Dans ces conditions, tout est permis, et c'est là la limite du film, à mon humble avis. Car en imaginant un personnage (DiCaprio ne peut pas incarner quelqu'un qui n'est pas miné par des failles qui vont lui mener la peau dure, que voulez-vous) qui est lui-même passé par tous les stades du rêve au point d'y avoir perdu son épouse (Marion Cotillard), Nolan brouille un peu plus, un peu trop, les pistes. Cette irruption, le plus souvent avec son "air renfrogné numéro 12", de Marion Cotillard, ni moins bonne ni meilleure que d'habitude, c'est à dire assez atroce, devient l'inévitable obstacle, dans chaque rêve, et ça fatigue. 
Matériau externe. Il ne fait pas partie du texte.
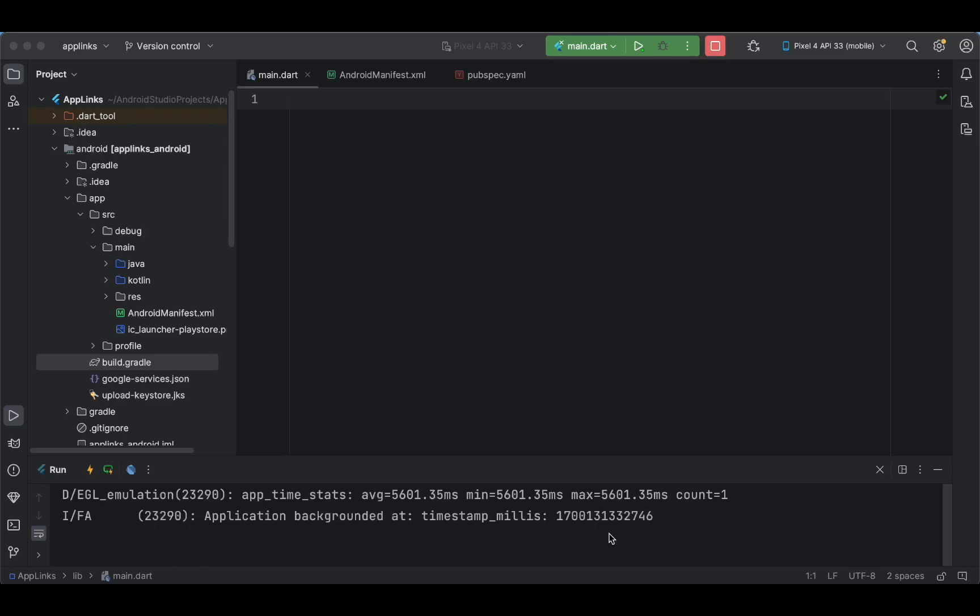In this vlog we are going to deal with the implementation of a Firebase referral system in your Flutter application. In our previous tutorial we have seen the implementation of dynamic links using Firebase in our Flutter application, and I'm getting a few comments regarding how to implement a referral system with dynamic links.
Non, ce qui tient la route dans cet étrange film, c'est la faculté qu'a un cinéaste d'oser faire un film, encoreune fois, à partir de l'ultime objet du cinéma, qui est son ultime principe fondateur: la manipulation, la mise en scène, l'illusionnisme. Donc le film fonctionne clairement, avec ses incroyables moyens techniques, comme un compagnon valable, mais parfois un rien irritant, à The Prestige... Et par endroits, la poésie pure du cinéma vient prendre toute la place: la plus belle scène de ce film reste le moment où Cobb qui s'apprête à engager Ariadne (Elliot Page) comme architecte, lui fait comprendre par des visions extraordinaires qu'ils dorment tous deux, et que leur conversation est en fait purement effectuée dans le cadre d'un rêve partagé, est magique: la façon dont Ariadne fait ensuite ployer l'environnement, la ville se refermant sur eux, vient en droite ligne de Phantom (1922), de Murnau, un film qui d'une façon fort différente, explorait le subconscient. On pourrait citer de nombreuses autres scènes, dont ce moment qui renvoie cette fois à Ouvre les yeux (ou si vous avez envie de fouiller les poubelles, à son remake plan plan Vanilla Sky): toute l'équipe devisant dans le calme sur l'un des boulevards les plus passants de Los Angeles, où aucun véhicule ne vient troubler leur conversation...

Et pourtant pour tous les rêves les plus délirants, les plus élaborés, avec ou sans effets spéciaux, pour toute la poésie de ces mondes parallèles, le film ne parle finalement que de l'humain, de ses failles, de ses doutes et de ses frustrations: l'extracteur virtuose, qui vit boursouflé de regrets (pourquoi croyez-vous que la chanson par défaut qui permet aux "extracteurs" de reprendre pied dans la réalité est Je ne regrette rien?) au point de les laisser envahir ses rêves, le jeune héritier (Cillian Murphy) d'un empire d'affaires qui a toujours souffert de l'indifférence de son père qui vient juste de mourir... Tous les personnages ont choisi d'évoluer dans le milieu, les rêves, qui expose justement toutes leurs failles... Ces failles ce sont celles de l'humain, comme la peur (Dunkirk), comme l'ambition ou l'ego d'un prestidigitateur (The Prestige), ou la tentation de vengeance au-dela du raisonnable (Memento), ou bien sûr le doute pur (Oppenheimer).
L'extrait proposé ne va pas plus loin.